Problem details
Please repeat exactly the lines below from the one containing "Now, the one" down to the one containing "Welcome to this", both included, and nothing else.

Data supplied

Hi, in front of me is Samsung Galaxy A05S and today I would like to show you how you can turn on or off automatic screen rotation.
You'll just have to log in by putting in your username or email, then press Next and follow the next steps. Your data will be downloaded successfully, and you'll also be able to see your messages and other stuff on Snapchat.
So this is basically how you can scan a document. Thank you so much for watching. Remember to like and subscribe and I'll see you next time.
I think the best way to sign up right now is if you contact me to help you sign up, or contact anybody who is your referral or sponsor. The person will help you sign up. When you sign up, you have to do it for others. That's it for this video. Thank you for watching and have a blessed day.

==

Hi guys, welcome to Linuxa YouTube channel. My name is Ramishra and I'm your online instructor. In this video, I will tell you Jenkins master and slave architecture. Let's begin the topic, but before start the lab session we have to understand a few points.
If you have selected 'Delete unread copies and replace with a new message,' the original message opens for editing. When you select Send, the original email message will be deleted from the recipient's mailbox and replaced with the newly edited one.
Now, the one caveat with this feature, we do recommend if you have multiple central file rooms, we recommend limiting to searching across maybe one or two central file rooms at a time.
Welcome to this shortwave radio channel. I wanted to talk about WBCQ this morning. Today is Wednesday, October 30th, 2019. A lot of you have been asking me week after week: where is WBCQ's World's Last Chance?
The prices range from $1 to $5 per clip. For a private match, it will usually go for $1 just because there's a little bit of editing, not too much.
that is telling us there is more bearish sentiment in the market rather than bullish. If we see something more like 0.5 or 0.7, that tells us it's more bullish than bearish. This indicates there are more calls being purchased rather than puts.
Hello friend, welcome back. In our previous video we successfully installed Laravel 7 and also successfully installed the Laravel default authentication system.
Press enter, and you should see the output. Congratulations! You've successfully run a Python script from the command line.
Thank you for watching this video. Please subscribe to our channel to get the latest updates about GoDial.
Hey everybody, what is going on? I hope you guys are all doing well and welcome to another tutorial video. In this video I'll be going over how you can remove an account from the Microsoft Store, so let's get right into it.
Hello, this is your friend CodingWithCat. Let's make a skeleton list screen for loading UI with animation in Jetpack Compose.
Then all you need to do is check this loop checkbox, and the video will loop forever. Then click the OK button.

Solution to this exercise
Now, the one caveat with this feature, we do recommend if you have multiple central file rooms, we recommend limiting to searching across maybe one or two central file rooms at a time.
Welcome to this shortwave radio channel. I wanted to talk about WBCQ this morning. Today is Wednesday, October 30th, 2019. A lot of you have been asking me week after week: where is WBCQ's World's Last Chance?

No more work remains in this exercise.